The UK bus sector has prospered in recent years, despite all the prophecies of gloom when Lady Thatcher’s Conservative Government decided that competition was the best answer to reversing decades of under-investment, lousy service and poor time-tabling.
First up was the 1980 Transport Act which introduced competition on long-distance coach routes. Subsequently, sector leader, National Express, saw demand rise sharply. And, despite serious setbacks on the railways, National Express’ bus operations have continued to thrive, with much expanded services. Apart from travelling on much more comfortable buses, passengers are also being offered highly competitive fares. For example, single fares of c£13 are currently available on the six-hour plus London to Newcastle route.
Given that these fares are just 3x the cost of a one-station hop on the London Underground, they offer remarkably value – as National Express sharpens its pencil in the face of competition. On the shorter routes, the stimulus was provided by the 1985 Transport Act, which introduced bus competition locally - the franchise arrangements for London, though, are very different.

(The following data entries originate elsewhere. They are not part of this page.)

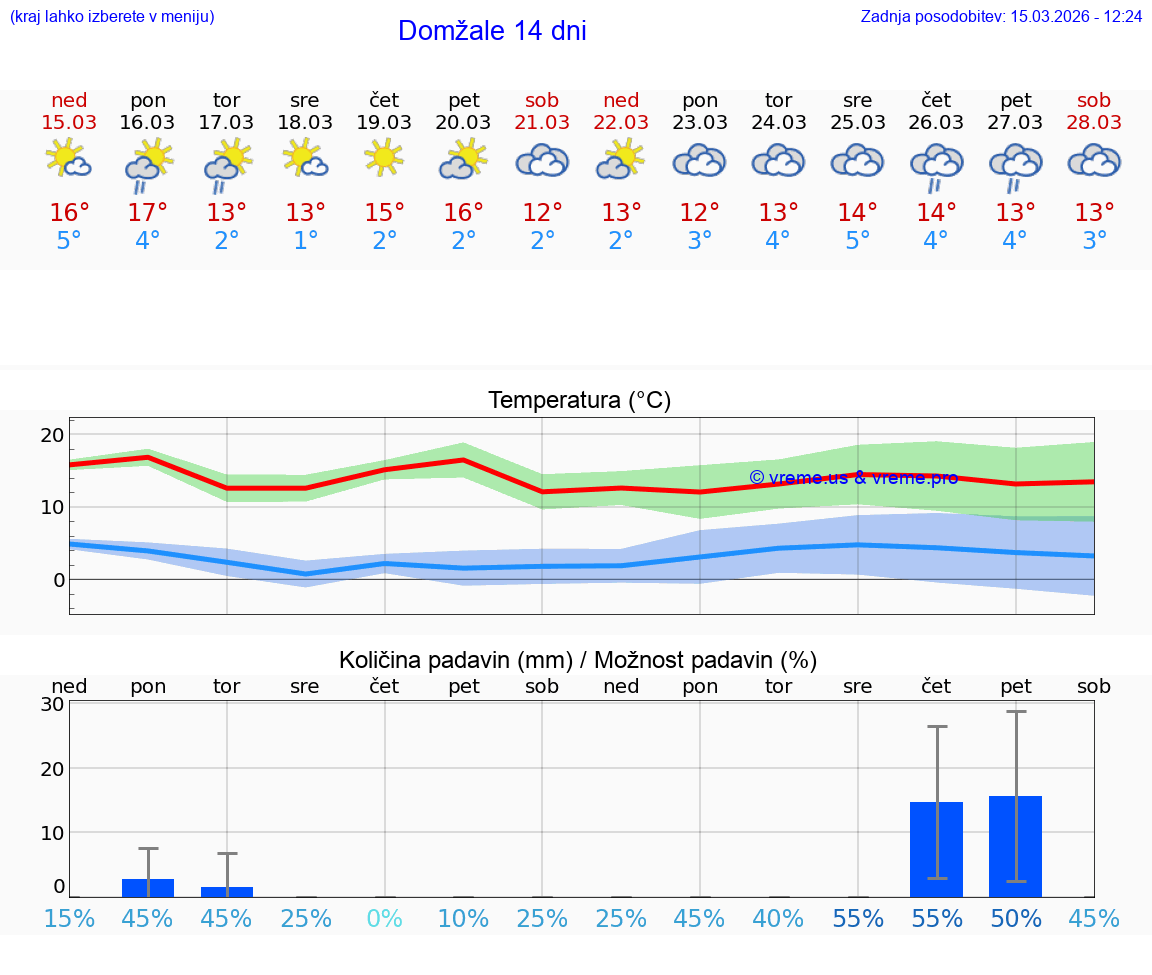 VREME 25 DNI  Domžale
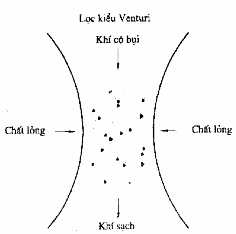 Hình 3 16 Cách đi của chất lỏng Các thiết bị tách bụi khỏi khí kiểu này có 7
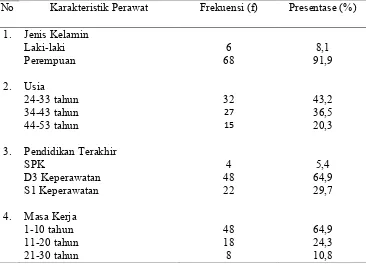 Tabel 5.1 Distribusi Frekuensi dan Persentase Perawat di RSUD Dr. Pirngadi Medan (n=74) 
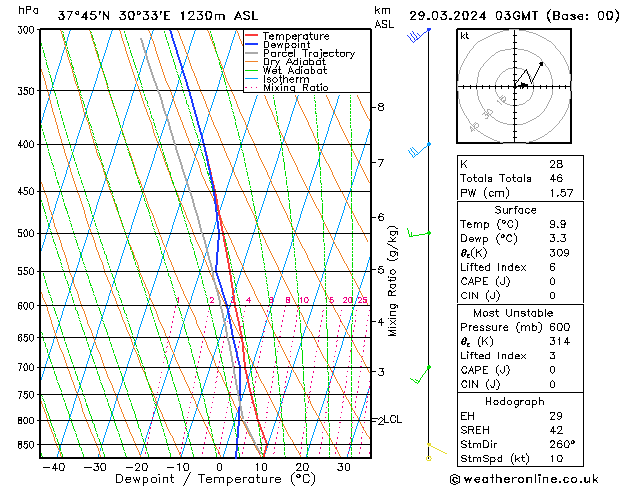 Model temps GFS Cu 29.03.2024 03 UTC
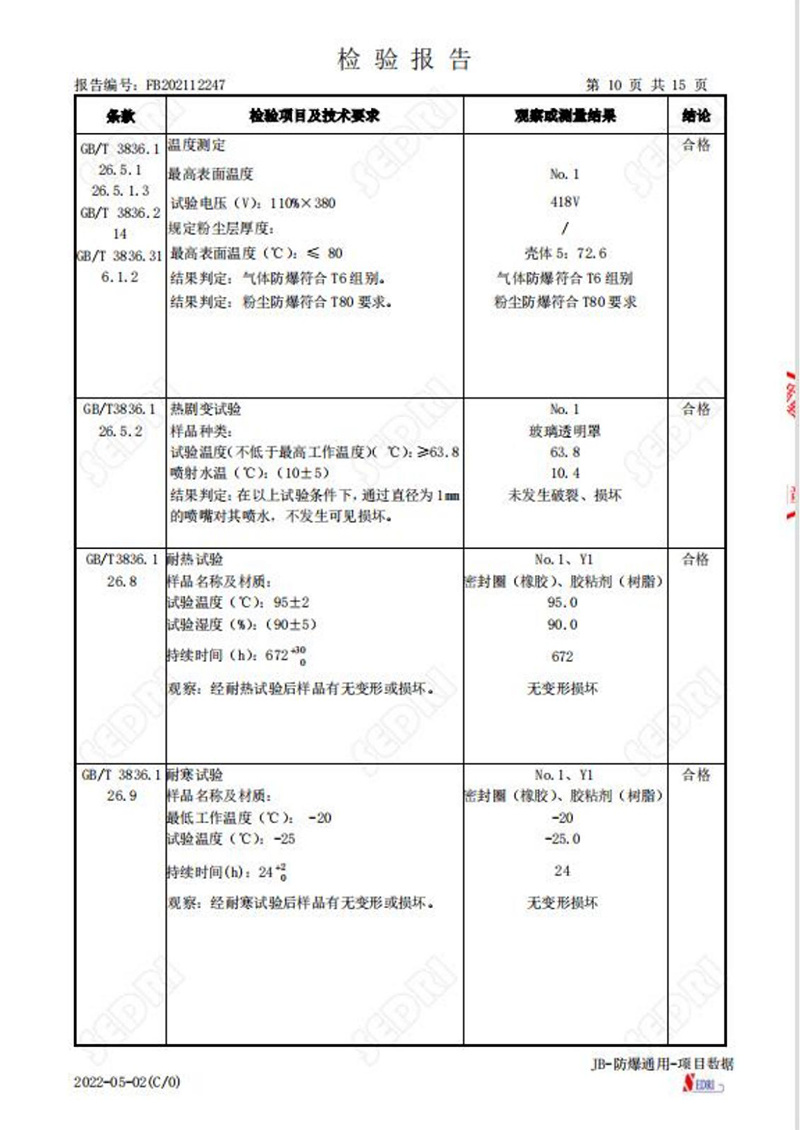 檢驗報告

In recent months, both sector leader, First Group, and the ever-controversial Stagecoach have reported robust revenues and divisional operating profit increases of an impressive c20%. Whilst all bus operators have to cope with rising fuel prices, heavy investment is underway. First Group plans to invest £160 million over the next two years in modernising its fleet – with 955 new buses.
Looking forward, the UK bus sector stands to gain from the rising costs of motoring. When introduced in the 1980s, the aggressive bus competition initiatives were roundly condemned, especially with regard to the viability of many poorly patronised rural routes: some now receive substantial subsidy. A few bus businesses remain Local Authority-owned and they are ripe to be sold off.
Overall, though, the story of UK buses since the 1980s has been impressive. Embracing the competitive market has been fully vindicated.